I'll not be able to do a real debugging until I return from CA on March 8.
Comment 7 Ray Johnston 2006-03-08 10:07:27 UTC
Please spend some time testing builds with gcc 3.3 or 3.4 to make sure that this is not 
just some problem in gcc 2.9x. If you can't get builds to fail with 3.3 or 3.4, then we 
will just close this and recommend that people move to gcc 3.3 or later. 
Comment 8 Alex Cherepanov 2006-03-12 10:01:27 UTC
Here's an interesting observation. The program doesn't fail if run as:
/home////////ghostscript/gs_segv/gs/bin/gs ...
The program fails if the path is shorter.

Comment 9 Alex Cherepanov 2006-03-12 20:37:03 UTC
Created attachment 2093 [details]
patch

Work around a bug in GCC 2.96 for x86. Pre-load stack pages to avoid a SEGV.

DETAILS:
It is well known that GCC 2.96 for x86 sometimes forgets to adjust $esp
and leaves automatic variables at small distance below the stack pointer.
Apparently, when the access to the automatic variable causes a page fault
Linux sends a SEGV signal instead of committing the page if the access
happens below the stack pointer. Pre-loading the stack pages from a known
good context resolves the problem.

DIFFERENCES:
Testing now.

Discussion.
I didn't check the code, generated by other versions of GCC, but Valgrind
has a special work-around for the access below the stack pointer only
for GCC 2.96.

It is possible to write a custom test to detect the bug in the configure
script.
I'm not sure whether it's worth the trouble.
Comment 10 Alex Cherepanov 2006-03-12 20:58:28 UTC
I've just checked the generated code -- GCC 3.3.5 adjusts the stack.
Comment 11 leonardo 2006-03-21 04:07:16 UTC
Raph, please review the patch.
Comment 12 Ray Johnston 2006-04-01 09:28:49 UTC
Rather than leaving a 'no-op' call to commit_stack_pages in most instances,
I think it would be more clear to remove the initial '#else' clause and
instead add an additional #if at the point of invocation.
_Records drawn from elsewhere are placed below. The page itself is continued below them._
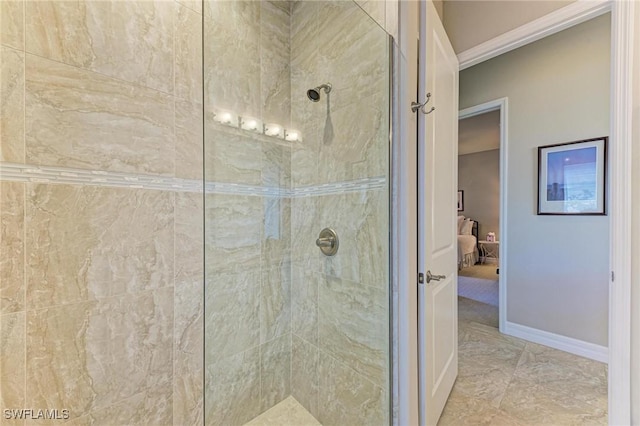 bathroom with tiled shower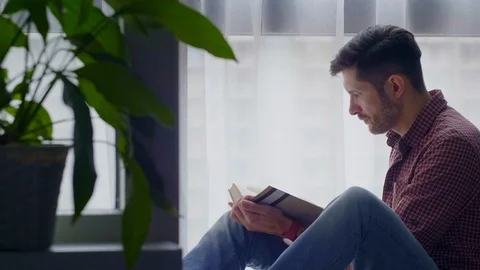 A man reads a book sitting by the window.4 Stock Footage 127664116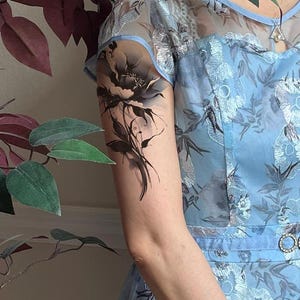 May include: A light blue dress featuring a sheer yoke and intricate silver floral embroidery throughout. The garment has short sleeves and a waistline accented with a circular rhinestone buckle. A black floral temporary tattoo is on the upper arm.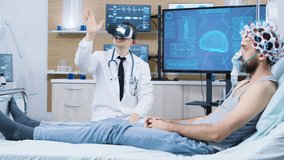 Doctor wearing virtual reality goggles in a modern facility for brain analysis. Patient sitting on bed with brain sensors attached and air maks - Powered by Shutterstock - Get 15% off with code: PIKWIZARD15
The revised patch
in that area would be:

+#ifdef NEED_COMMIT_STACK
+/* 
+ * It is well known that GCC 2.96 for x86 sometimes forgets to adjust $esp
+ * and leaves automatic variables at small distance below the stack pointer.
+ * Apparently, when the access to the automatic variable causes a page fault
+ * Linux sends a SEGV signal if the access happens below the stack pointer.
+ * Pre-loading the stack pages resolves the problem.
+ */
+private void 
+commit_stack_pages( void )
+{
+    char buf[65536]; /* In most cases GS survives in 64K stack */
+    int i;
+    for(i=0; i<sizeof(buf)-1; i+=1024)
+    buf[i]=0;
+}
+#endif
+
+
 int
 main(int argc, char *argv[])
 {
-    int exit_status = 0;
-    gs_main_instance *minst = gs_main_alloc_instance(gs_malloc_init(NULL));
+    int exit_status, code;
+    gs_main_instance *minst;
 
-    int code = gs_main_init_with_args(minst, argc, argv);
-
+#ifdef NEED_COMMIT_STACK    /* hack for bug in gcc 2.96 */
+    commit_stack_pages();
+#endif
+    exit_status = 0;
+    minst = gs_main_alloc_instance(gs_malloc_init(NULL));
+    code = gs_main_init_with_args(minst, argc, argv);
+    
 #ifdef RUN_STRINGS
     {				/* Run a list of strings (for testing). */
 	const char **pstr = run_strings;

It's OK with me to commit this patch, but we could also just issue an
#error to anyone running this broken compiler version.
Comment 13 Alex Cherepanov 2006-04-01 14:04:21 UTC
Created attachment 2140 [details]
improved patch

This is the patch that follows Ray's suggestions.
GCC 2.96 was included in many GNU/Linux distributions including Red Hat 7.
I'm going to commit the patch because:
 - old GNU/Linux boxes work well enough and may be not upgraded. 
 - at least one of the customers is running even older gcc 2.95.
 - the patch doesn't affect other gcc versions
 - the patch documents a general problem that was rather difficult to find.
Comment 14 Alex Cherepanov 2006-04-01 14:18:35 UTC
The patch #2 is committed, revision 6697.